En renonçant à son bien particulier, elle se dilate infiniment et s'enrichit par tout  qui appartient à tous'. 
 C'est en s'ouvrant à l'autre à la façon de Dieu que l'homme véritablement s'ouvre à soi, s'éveille et se découvre dans la splendeur de son unicité.

L'ordre de l'univers atteint son point culminant dans la communion mutuelle, la koinônia des êtres . 
Elle en est l'accomplissement et l'achèvement sur le plan le plus élevé, de la liberté. 
Elle est cependant d'un autre ordre que l'harmonie naturelle dont elle est le couronnement. 
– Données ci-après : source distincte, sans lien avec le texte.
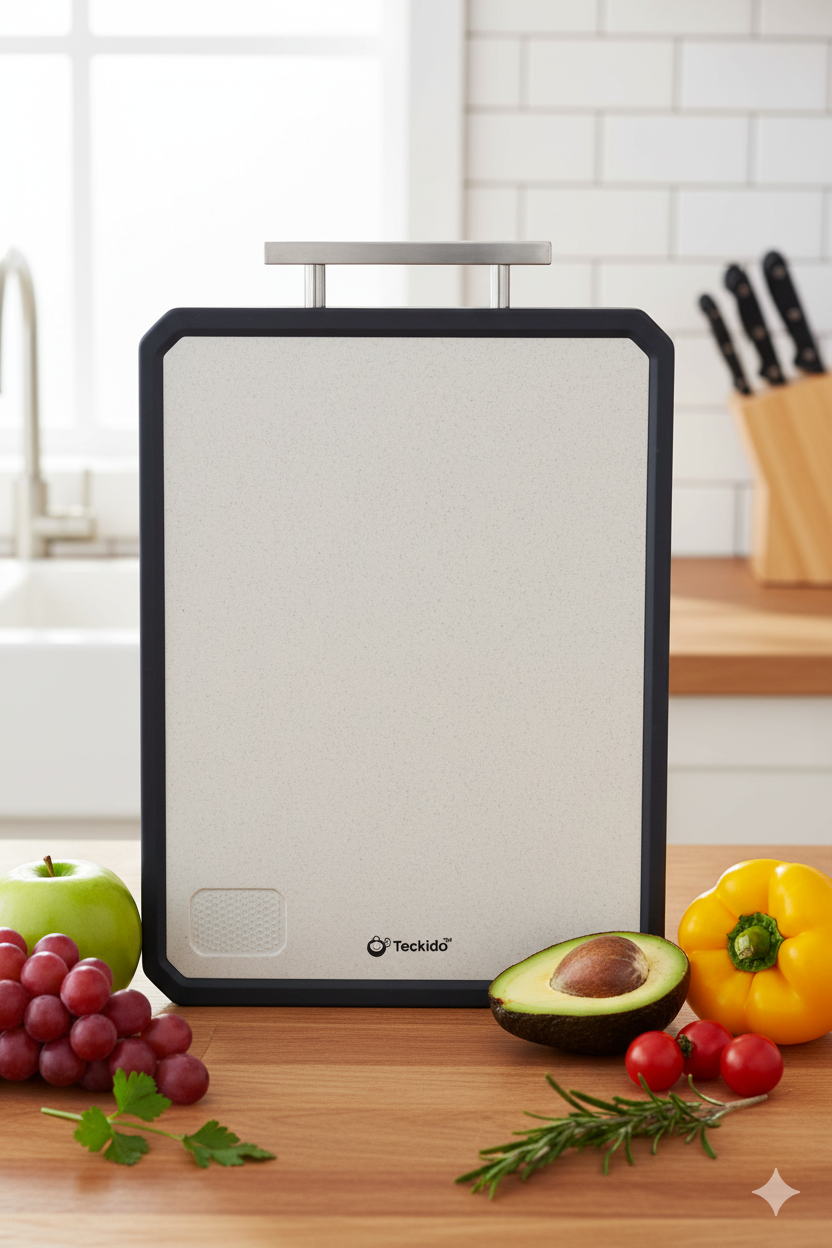 Multipurpose Chopping Board – Durable Cutting Board for Kitchen, Non-Slip, Easy to Clean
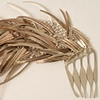 Headdress, comb view
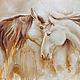 Golden horse. Pictures. Annet Loginova. Online shopping on My Livemaster.  Фото №2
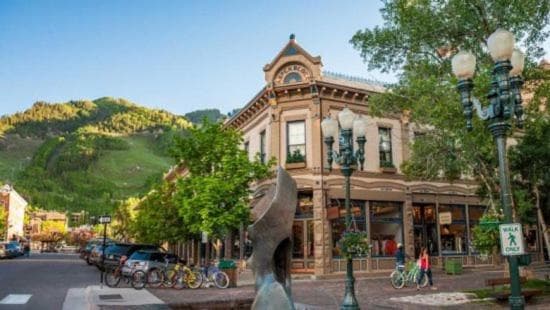Luxury 3 Bedroom Downtown Aspen Vacation Rental With Amenities Including Heated Pool, Hot Tubs, Game Room And Spa featured exterior or lobby in Aspen, CO — similar hotel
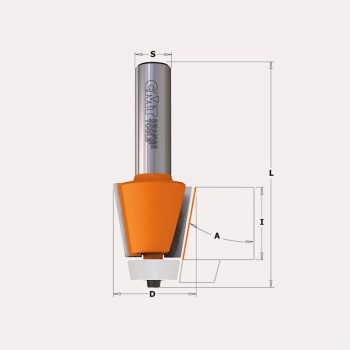 FRESA CMT 980.551.11 PARA CORIAN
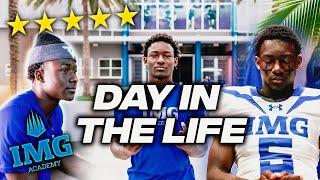 Day in the Life of Winston Watkins a 5 Star WR at IMG Academy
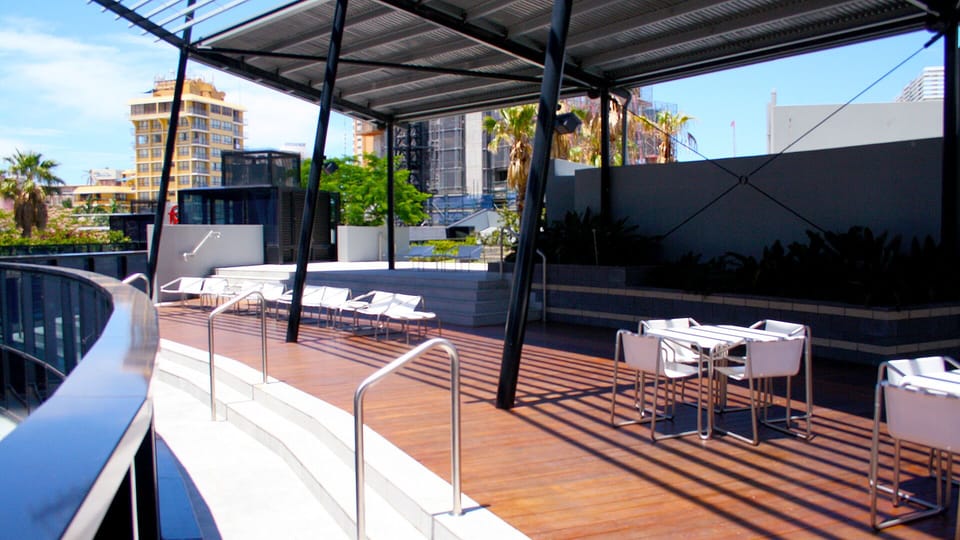 Lap Pool & Spa [resort amenity]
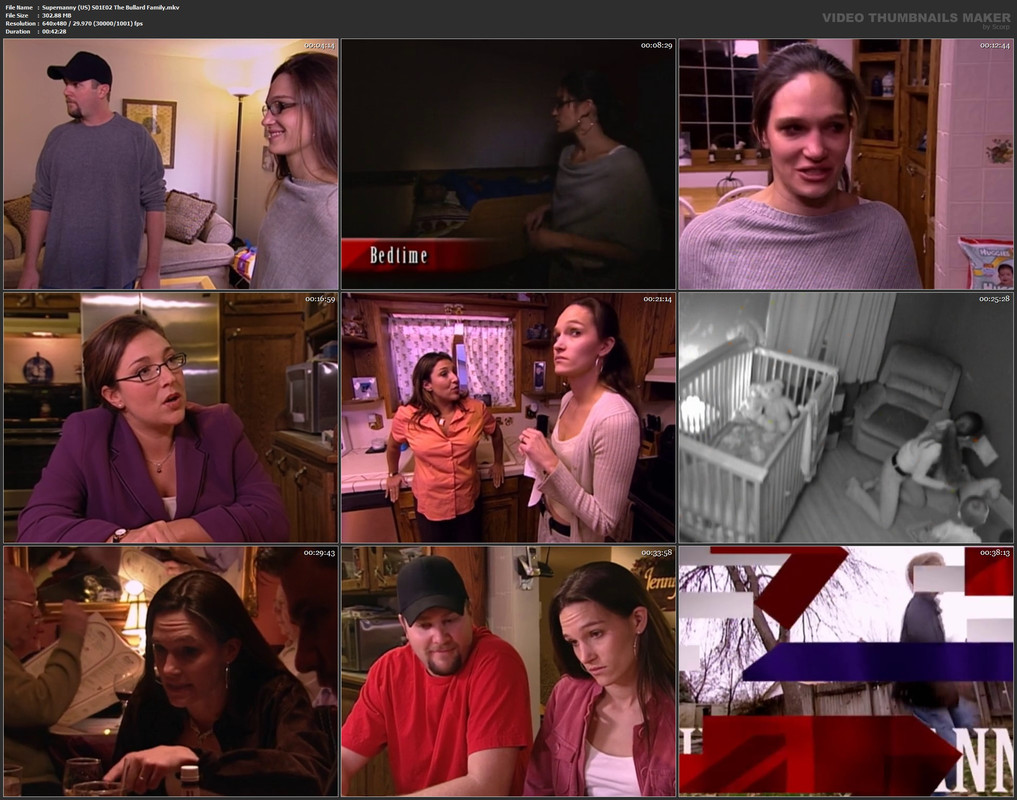 Supernanny (US) S01E02 The Bullard Family.mkv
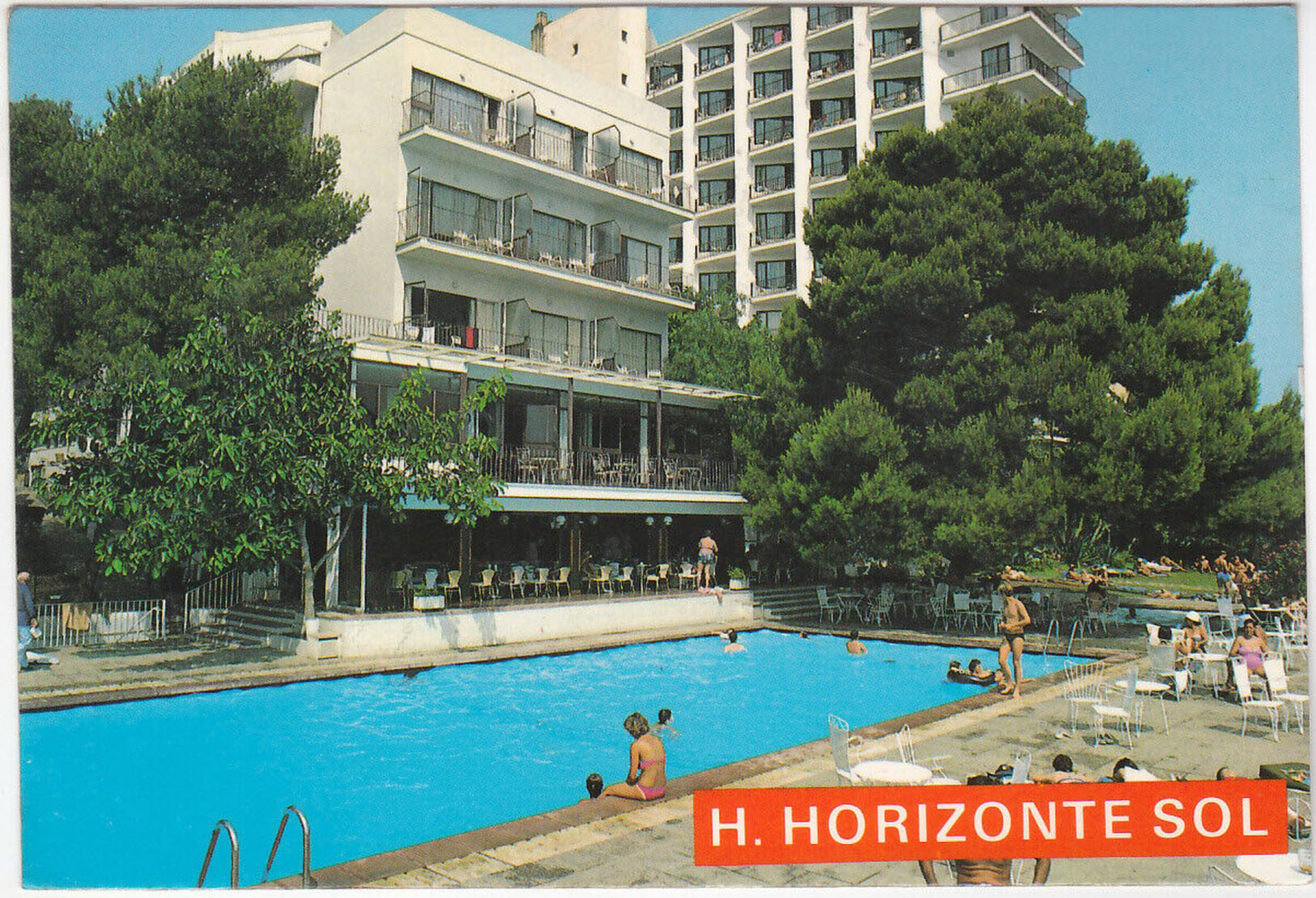 PALMA DE MALLORCA - SPAGNA - SPAIN - ESPANA - HOTEL HORIZONTE SOL - VIAGG.-32063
Au niveau de la nature chaque chose, dans le temps et l'espace, est essentiellement ordonnée au tout. 
Nul être particulier, en tant que tel, n'a de droit à survivre dans la montée de l'univers vers Dieu :
 il n'est qu'un maillon...
 la chaîne de l'évolution universelle, destiné à être remplacé et reforgé en des formes toujours neuves.
 Par contre, sur le plan de la communion interpersonnelle des consciences, le temps est transcendé, et la perpétuelle transformation des éléments de l'un prend fin. 
Le devenir a été élevé à l'être, et le temps est devenu porteur d'éternité.

Mais l'homme peut aussi se refuser aux autres. ...
Le péché c'est ce refus d'un « absolu » d'entrer en communion avec d'autres « absolus », et par conséquent avec l'Absolu suprême qui est Dieu

 Le péché rend la multiplicité - le non-un, l'aneka - monstrueuse. 

A l'origine, la multiplicité n'est qu'un fait de la nature, une silencieuse invitation à la koinônia, à la communion ultime de tous les esprits en l'Esprit. 
Mais avec le péché, elle devient la matière même de l'opposition et de la division des êtres conscients. 
Le péché de l'homme affecte tout l'univers, y compris la matière

Du fait que l'homme a  péché, la chair se rebelle contre l'esprit, et la nature matérielle, se sentant comme offensée et violentée, se révolte aussi contre lui.

 C'est la Chute de l'homme qui précipite la décadence et la désintégration des choses et la division .
 Ainsi, la distinction naturelle entre les choses et la diversité des consciences se fige souvent par le péché et devient refus de la koinônia de l'Être.